Answer
Does not have any solutions.
Work Step by Step
Consider the given system of equations:
$\begin{align}
& 2x-3y+z=1 \\
& x-2y+3z=2 \\
& 3x-4y-z=1 \\
\end{align}$
Therefore, in matrix form the system of equations can be written as below:
$ AX=b $
Where
$ A=\left[ \begin{array}{*{35}{r}}
2 & -3 & 1 \\
1 & -2 & 3 \\
3 & -4 & -1 \\
\end{array} \right];b=\left[ \begin{array}{*{35}{r}}
1 \\
2 \\
1 \\
\end{array} \right];X=\left[ \begin{matrix}
x \\
y \\
z \\
\end{matrix} \right]$
Consider the augmented matrix
$\left[ A|b \right]=\left[ \begin{array}{*{35}{r}}
2 & -3 & 1 & 1 \\
1 & -2 & 3 & 2 \\
3 & -4 & -1 & 1 \\
\end{array} \right]$
Apply elementary row operation on $ A $ to convert it to its equivalent upper triangular matrix form.
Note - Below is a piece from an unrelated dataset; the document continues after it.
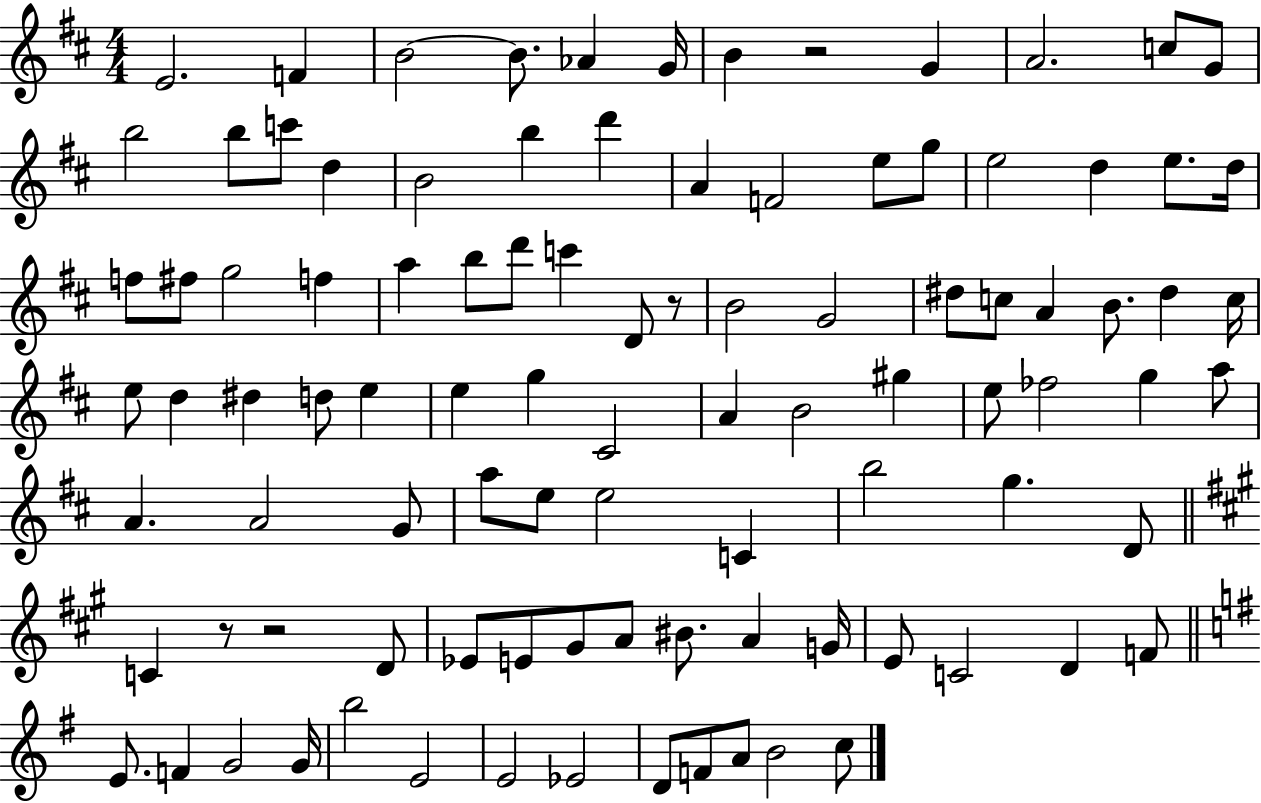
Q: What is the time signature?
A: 4/4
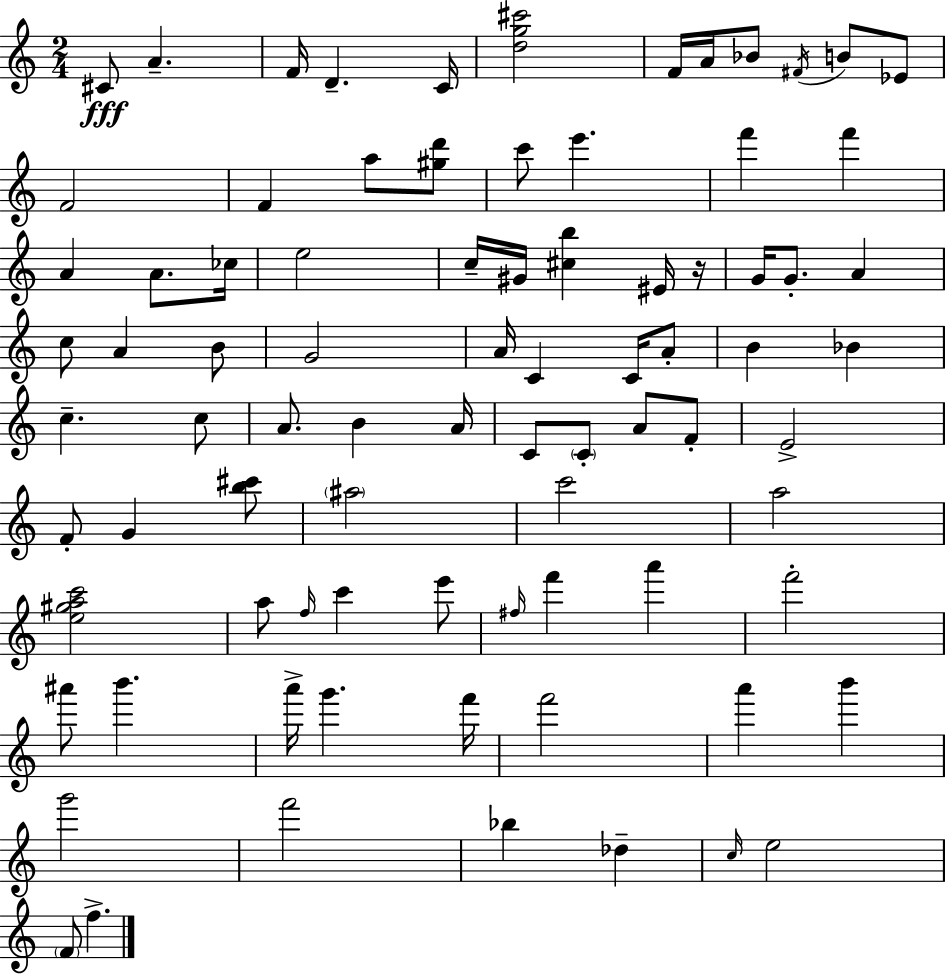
C#4/e A4/q. F4/s D4/q. C4/s [D5,G5,C#6]/h F4/s A4/s Bb4/e F#4/s B4/e Eb4/e F4/h F4/q A5/e [G#5,D6]/e C6/e E6/q. F6/q F6/q A4/q A4/e. CES5/s E5/h C5/s G#4/s [C#5,B5]/q EIS4/s R/s G4/s G4/e. A4/q C5/e A4/q B4/e G4/h A4/s C4/q C4/s A4/e B4/q Bb4/q C5/q. C5/e A4/e. B4/q A4/s C4/e C4/e A4/e F4/e E4/h F4/e G4/q [B5,C#6]/e A#5/h C6/h A5/h [E5,G#5,A5,C6]/h A5/e F5/s C6/q E6/e F#5/s F6/q A6/q F6/h A#6/e B6/q. A6/s G6/q. F6/s F6/h A6/q B6/q G6/h F6/h Bb5/q Db5/q C5/s E5/h F4/e F5/q.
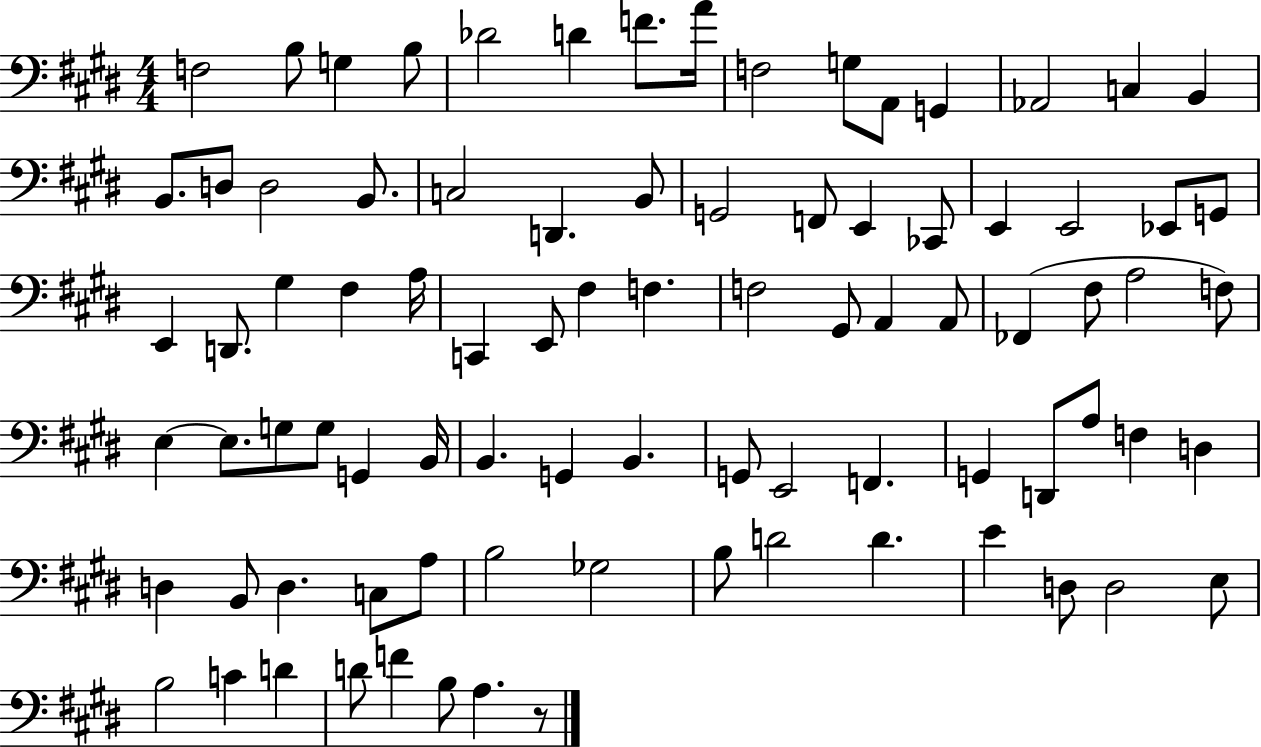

Step 1: Apply the operation ${{{R}'}_{2}}={{R}_{2}}-\frac{1}{2}{{R}_{1}},{{{R}'}_{3}}={{R}_{3}}-\frac{3}{2}{{R}_{1}}$ to get, $\left[ A|b \right]=\left[ \begin{array}{*{35}{r}}
2 & -3 & 1 & 1 \\
0 & -\frac{1}{2} & \frac{5}{2} & \frac{3}{2} \\
0 & \frac{1}{2} & -\frac{5}{2} & -\frac{1}{2} \\
\end{array} \right]$
Step 2: Apply the operation ${{{R}'}_{3}}={{R}_{3}}+{{R}_{2}}$ to get, $\left[ A|b \right]=\left[ \begin{array}{*{35}{r}}
2 & -3 & 1 & 1 \\
0 & -\frac{1}{2} & \frac{5}{2} & \frac{3}{2} \\
0 & 0 & 0 & 1 \\
\end{array} \right]$
Therefore, the rank of the augmented matrix $\left[ A|b \right]$ is 3 and the rank of the coefficient matrix $ A $ is 2 -- that is $\text{rank}\left[ A|b \right]\ne \text{rank}\left[ A \right]$